By | September 4, 2017

I hadn’t realized that Disraeli was an accomplished novelist prior to entering parliament. Born in 1804, he didn’t go to university, instead benefiting from his father’s extensive library. He spent some time in a lawyer’s office but found neither career nor refuge there, turning instead to writing. Vivian Grey was written when he was 22 and won him a market. By the time he succeded in becoming an MP – in 1837, after four failures – he had penned a further five novels. More was to come: Conningsby in 1844, Sybil in 1845 and Tancred in 1847. I read Conningsby some years ago and it stuck in my memory. I am now reading Sybil for the first time. Its famous subtitle is Or: The Two Nations. On pages 72-73 of my old second-hand Penguin edition comes the pivotal exchange, and the one that is the rationale for this blog.  

Disraeli’s noble protagonist, Egremont, is in conversation with two strangers encountered by the ruins of Marney Abbey: 

‘Well, society may be in its infancy’, said Egremont, slightly smiling; ‘but, say what you like, our Queen reigns over the greatest nation that ever existed.’ 

‘Which nation’, asked the stranger, ‘for she reigns over two.’ 

The stranger paused; Egremont was silent, but looked inquiringly. 

‘Yes’, resumed the younger stranger after a moment’s interval. 

‘Two nations; between whom there is no intercourse and no sympathy; who are as ignorant of each other’s habits, thoughts, and feelings, as if they were dwellers in different zones, or inhabitants of different planets; who are formed by a different breeding, are fed by a different food, are ordered by different manners, and are not governed by the same laws.’ 

‘You speak of –‘, said Egremont, hesitatingly. 

‘The RICH and the POOR.’’ 

I do not hold to the view that literature does a better job of exposing and accounting for social divisions than sociology; but it can certainly prompt, provoke, illustrate, act as catalyst and even set agendas. It can also educate (as Steinbeck’s Grapes of Wrath did me). Disraeli eschews structure for culture, which for a sociologist would be a flaw. Sybil is informed by class relations rather than an analysis of them. However, though his characterization of a ‘two-nation’ Britain might have faded in the two-to-three decades following the second world war, incorporating the diluted ‘one-nation’ Toryism of Macmillan (check out his house-building record), it never went away and has during financial capitalism revealed itself afresh and in all its edgy and dangerous compulsion.  
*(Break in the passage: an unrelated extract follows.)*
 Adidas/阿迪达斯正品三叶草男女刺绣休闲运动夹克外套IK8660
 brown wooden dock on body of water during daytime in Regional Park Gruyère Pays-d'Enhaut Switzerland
The shallow and ‘obvious’ capital-buys-power-to-make-policy regimes of the opportunist Cameron and the vacuous May are stark reminders of the Victorian era and its unapologetic celebration of the violent and rapacious imperial reach of its aristocracy-cum-bourgeoisie on the one hand, and the poor law on the other. But May’s Britain is an aircraft carrier with no aircraft. Brexit is a mere device to allow the rich to cash in, no matter the price paid by the poor. Britain’s putative ‘greatness’ never was – it was constructed out of slavery, exploitation and absolute poverty – and its rhetorical resurrection is an insulting device to facilitate the transfer of yet more capital to the already rich.  

What Disraeli’s Sybil does is remind us of the continuity of (the logic of) capitalism through its various phases.